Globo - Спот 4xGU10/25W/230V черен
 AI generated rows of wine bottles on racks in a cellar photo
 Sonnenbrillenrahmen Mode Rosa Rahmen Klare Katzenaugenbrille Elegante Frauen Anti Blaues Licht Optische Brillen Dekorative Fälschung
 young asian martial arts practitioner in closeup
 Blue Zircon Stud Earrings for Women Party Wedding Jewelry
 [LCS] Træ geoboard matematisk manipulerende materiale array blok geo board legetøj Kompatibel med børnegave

_REQUIRED ACTION_: Print exactly, and only, the lines running from the one that contains "Sonnenbrillenrahmen Mode Rosa" to the last line of the records above.

_ANSWER_:
 Sonnenbrillenrahmen Mode Rosa Rahmen Klare Katzenaugenbrille Elegante Frauen Anti Blaues Licht Optische Brillen Dekorative Fälschung
 young asian martial arts practitioner in closeup
 Blue Zircon Stud Earrings for Women Party Wedding Jewelry
 [LCS] Træ geoboard matematisk manipulerende materiale array blok geo board legetøj Kompatibel med børnegave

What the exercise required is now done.